* **Problem**:
Beginning with the line that has "Worth The Wait" and ending with the line that has "Mueble de baño", retype the entries below exactly, except for the pictures.

* **Recorded information**:
Content starts
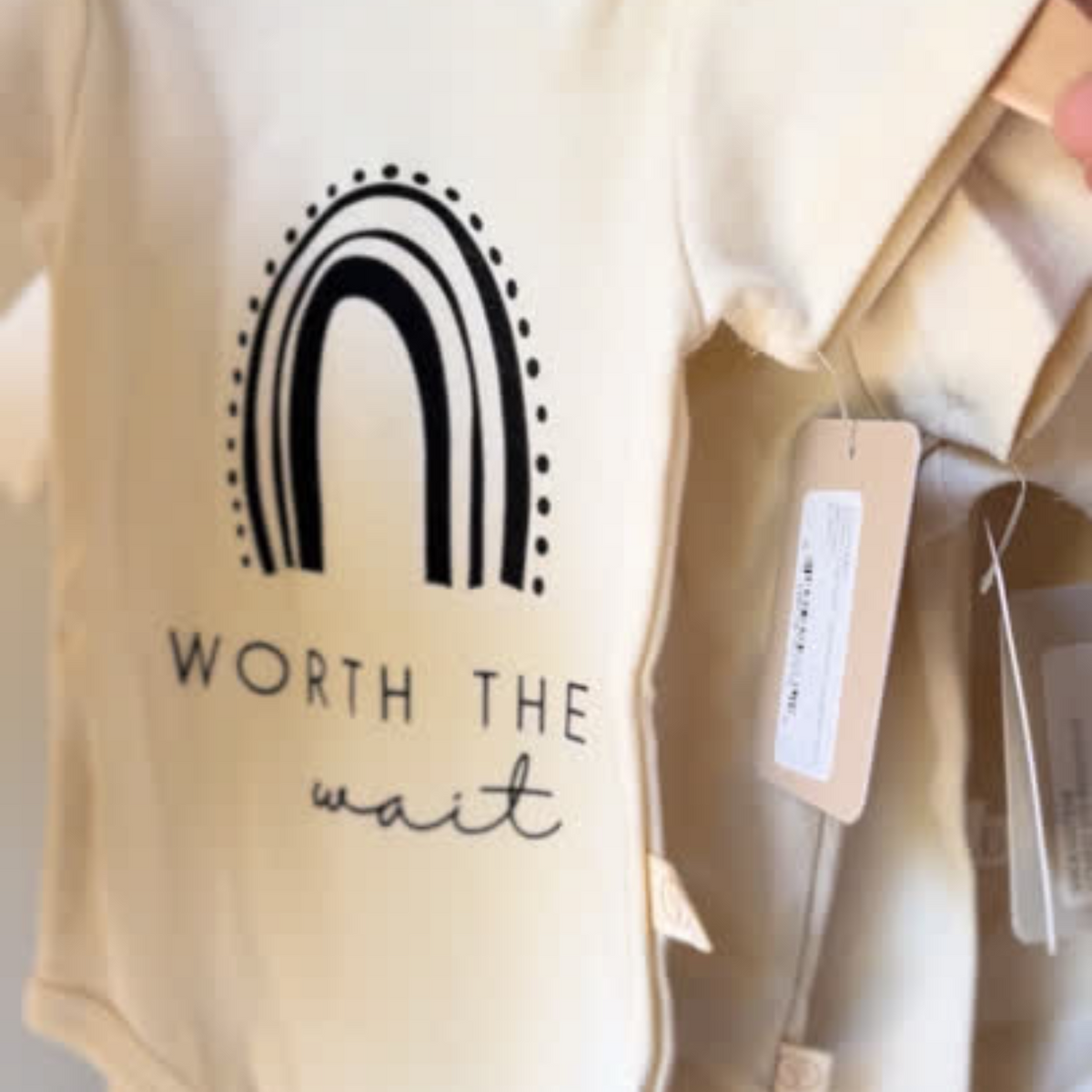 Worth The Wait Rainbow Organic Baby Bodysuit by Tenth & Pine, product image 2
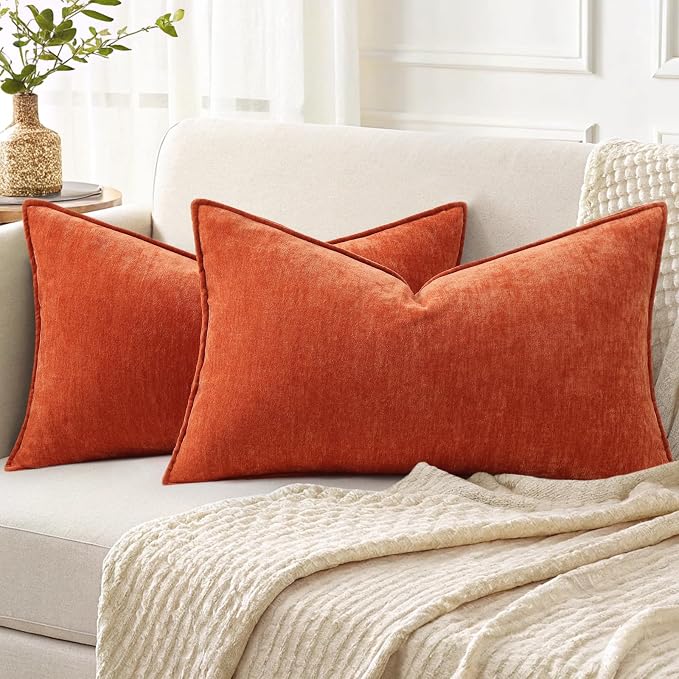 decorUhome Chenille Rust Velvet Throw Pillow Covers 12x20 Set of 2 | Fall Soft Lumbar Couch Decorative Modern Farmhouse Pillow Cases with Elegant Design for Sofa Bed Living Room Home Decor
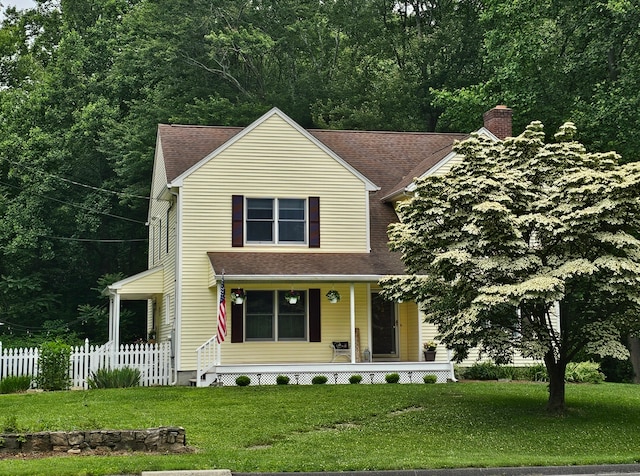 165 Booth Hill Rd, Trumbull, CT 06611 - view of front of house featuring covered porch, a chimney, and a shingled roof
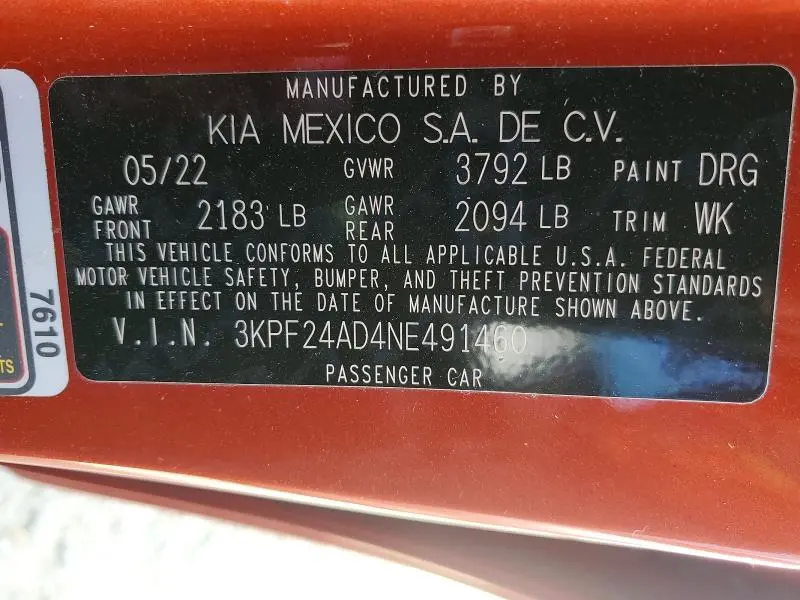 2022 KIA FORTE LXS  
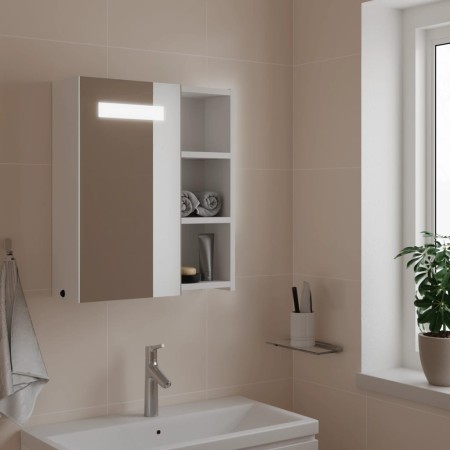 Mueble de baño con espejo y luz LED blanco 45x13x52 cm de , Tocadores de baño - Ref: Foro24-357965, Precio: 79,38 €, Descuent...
Content ends
Content starts
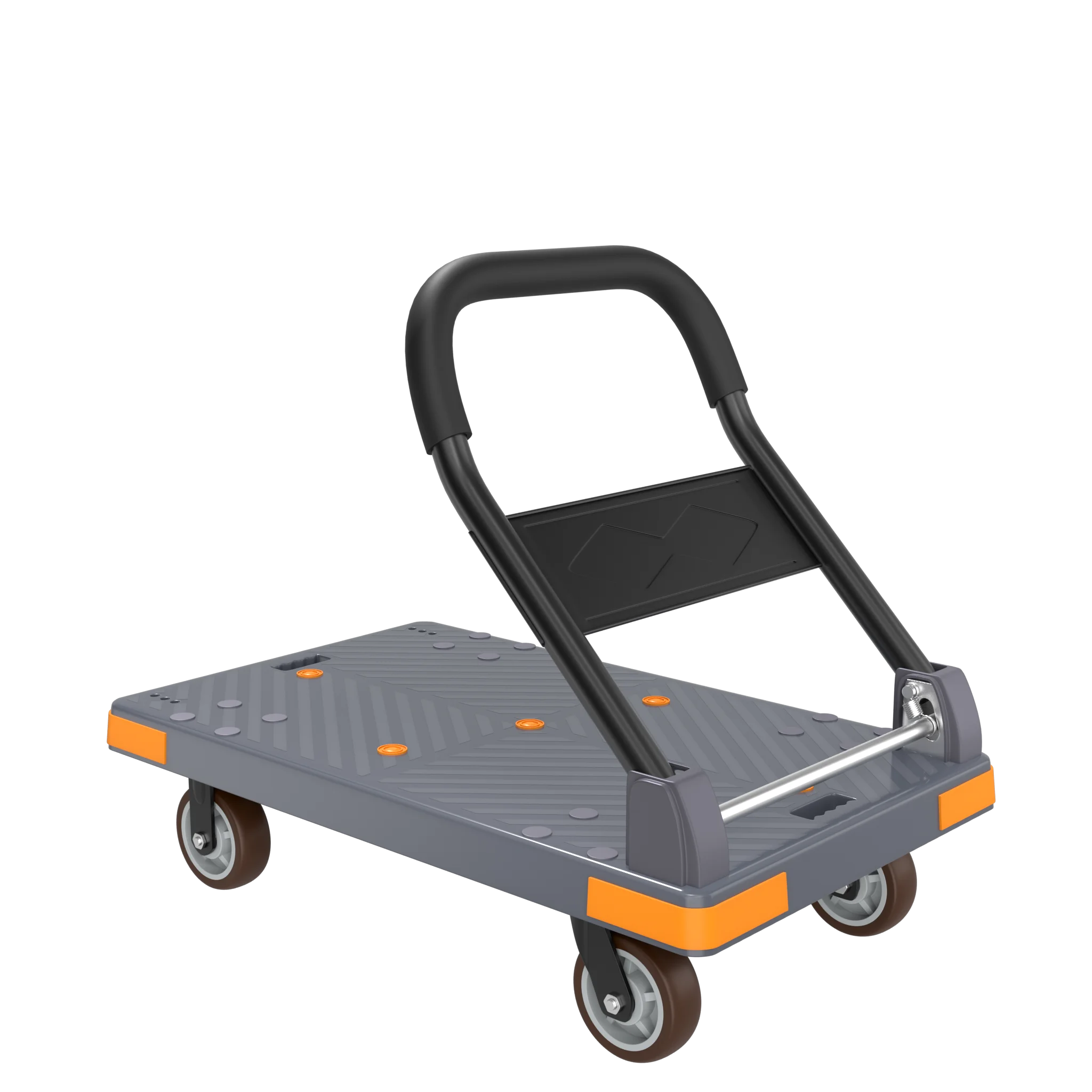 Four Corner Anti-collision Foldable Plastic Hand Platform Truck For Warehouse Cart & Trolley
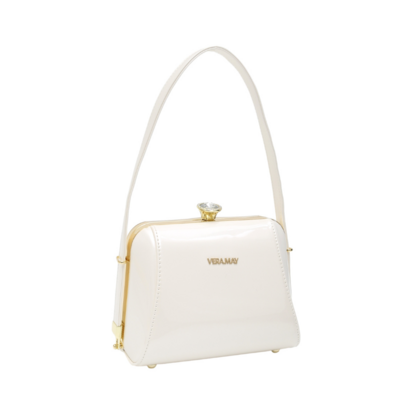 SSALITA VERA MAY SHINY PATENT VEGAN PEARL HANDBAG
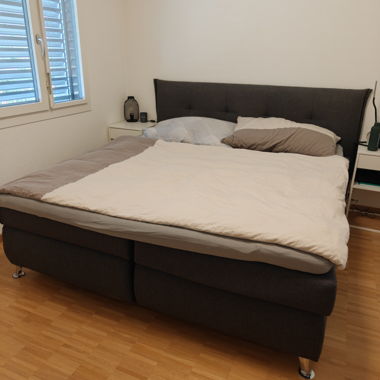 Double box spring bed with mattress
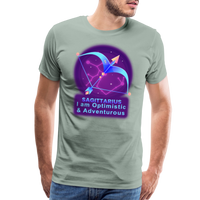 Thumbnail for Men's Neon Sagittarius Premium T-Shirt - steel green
Content ends
Content starts
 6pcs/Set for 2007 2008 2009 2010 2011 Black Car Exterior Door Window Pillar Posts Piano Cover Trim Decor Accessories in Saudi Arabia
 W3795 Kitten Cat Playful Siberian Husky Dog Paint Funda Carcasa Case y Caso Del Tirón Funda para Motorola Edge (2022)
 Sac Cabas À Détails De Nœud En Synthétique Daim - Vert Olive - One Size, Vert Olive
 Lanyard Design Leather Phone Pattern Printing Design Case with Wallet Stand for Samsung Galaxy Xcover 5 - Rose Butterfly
Content ends
* **Answer to this problem**:
 Worth The Wait Rainbow Organic Baby Bodysuit by Tenth & Pine, product image 2
 decorUhome Chenille Rust Velvet Throw Pillow Covers 12x20 Set of 2 | Fall Soft Lumbar Couch Decorative Modern Farmhouse Pillow Cases with Elegant Design for Sofa Bed Living Room Home Decor
 165 Booth Hill Rd, Trumbull, CT 06611 - view of front of house featuring covered porch, a chimney, and a shingled roof
 2022 KIA FORTE LXS  
 Mueble de baño con espejo y luz LED blanco 45x13x52 cm de , Tocadores de baño - Ref: Foro24-357965, Precio: 79,38 €, Descuent...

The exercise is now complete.